Fay accompanied Knight to Chile to the ParaGB training camp, in the hope she could establish where Knight's fear came from and why both crashes happened in the finish area. They started with the basics - how to stop.
“The guys are 100% committed all the way down for speed. But the last few gates are normally straight, so a lot of them switch off because it's just ‘go go go’,” says Fay. “We worked a lot to make sure she was staying fully engaged until they were stopped, but even that didn’t take the fear away.”
Then Fay had another idea - they would return to the site of the crash and face Knight's fears head-on.
The trio went back to the exact spot where the crash happened, where Knight's confidence had been shattered.
“It was about reprogramming my brain into thinking differently about it,” Knight says. “Changing my emotions towards it.”
Fay says: “It was getting her to accept that this is speed racing, so there's an element of risk involved. But if we did A, B and C that would minimise it.”
Wild, naturally, blamed himself for the crash and Knight’s subsequent loss of confidence. As her guide he was meant to be her eyes.
“I think of Millie as a little sister and I feel very protective of her,” he says. “I felt useless that I couldn’t help. All I could do was stay positive when she was losing belief in herself. There were times when she was upset and I didn't know what to do.
“I tried to stay positive, but it was out of my control. The problems were in Millie’s head.”

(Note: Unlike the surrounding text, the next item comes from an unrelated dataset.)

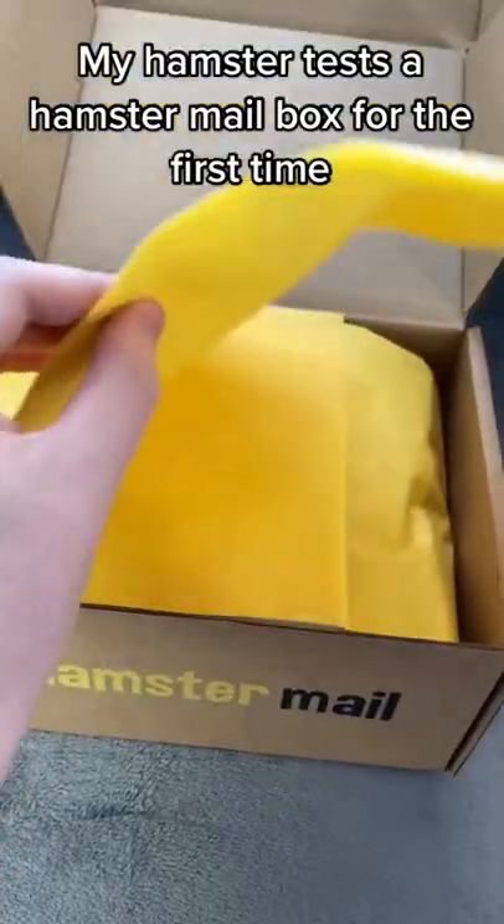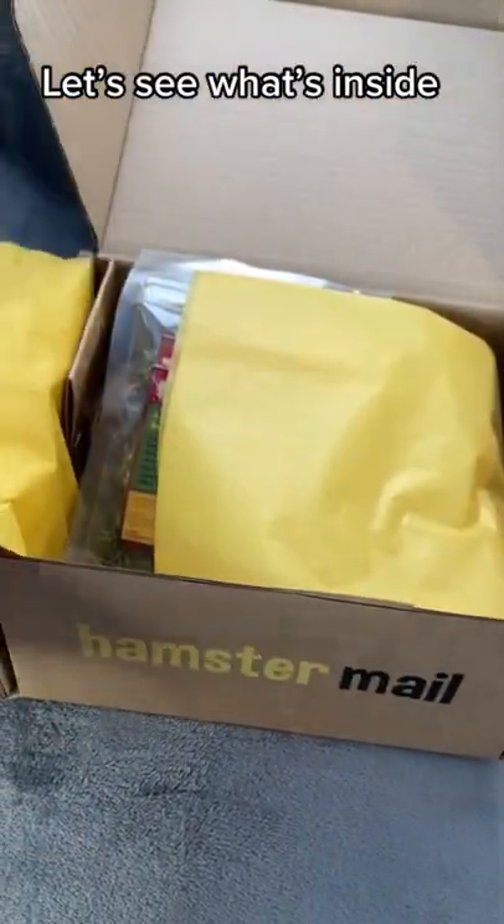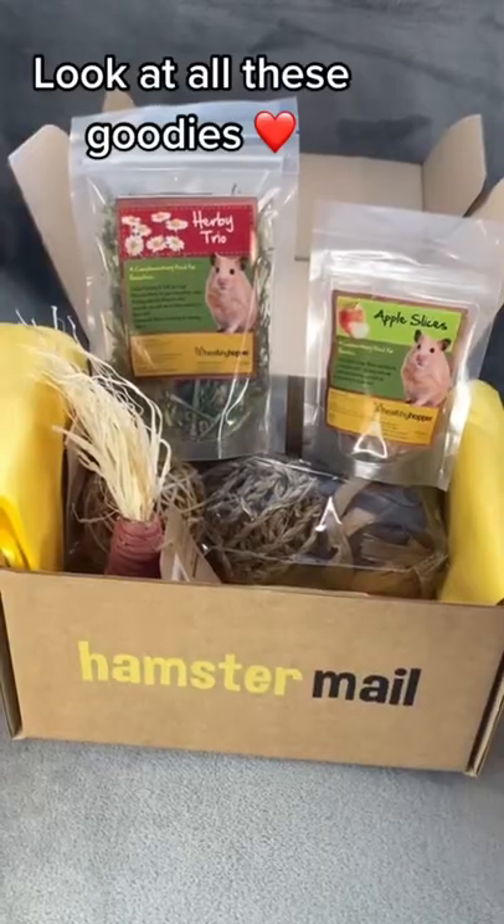My hamster tests a hamster mailbox for the first time. Let's see what's inside. Look at all these goodies.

Knight's crash and loss of confidence had set them and their training back and they needed to make up ground on the snow.
The got stuck into training. They needed to work on their trust and relationship both on and off the slopes.
Daily training would begin at 05:00. They practised relentlessly, eradicating any potential for error
“When I'm skiing all I can hear is Brett and his skis,” says Knight. “I'm only aware of following Brett's commands, I totally zone in and that's all I’m focused on.”
In January 2018 news came through that the pair had made the GB team for PyeongChang.
But the physical and mental hurdle of returning to the slopes in competition remained.
Had Knight's fears finally be conquered? The pair were to find out at a pre-Games competition in Canada.
They were faultless. Three bronze medals out of four. But the top accolade went to Knight and Wild’s team-mates - Menna Fitzpatrick and guide Jennifer Kehoe - who won two golds and a silver.
Their fight back to the top was not yet over.
“Canada was good,” says Wild. “I don't think it's exactly where we wanted to be, but we're now back in the mix. We were about a second off the fastest girl so we are close enough. It’s just whether we can bring it all together on race day.”
But Knight saw it as proof her fears had dissipated.
“I think now I'm much stronger mentally. When I think about my crash I smile, I don't think of it and get worried any more.”
A gold medal hangs in the balance. But so does the partnership the pair has effortlessly formed.
The two years that Wild was granted by the Navy is almost up. He’s still part of the armed forces ski team but isn’t sure whether he will be allowed to continue working with Knight on another Paralympic cycle.
A gold medal might just swing it - and keep the pair together.
“I wouldn't want to follow anyone else down a mountain,” Knight says. “It would be devastating if we couldn’t ski together again.”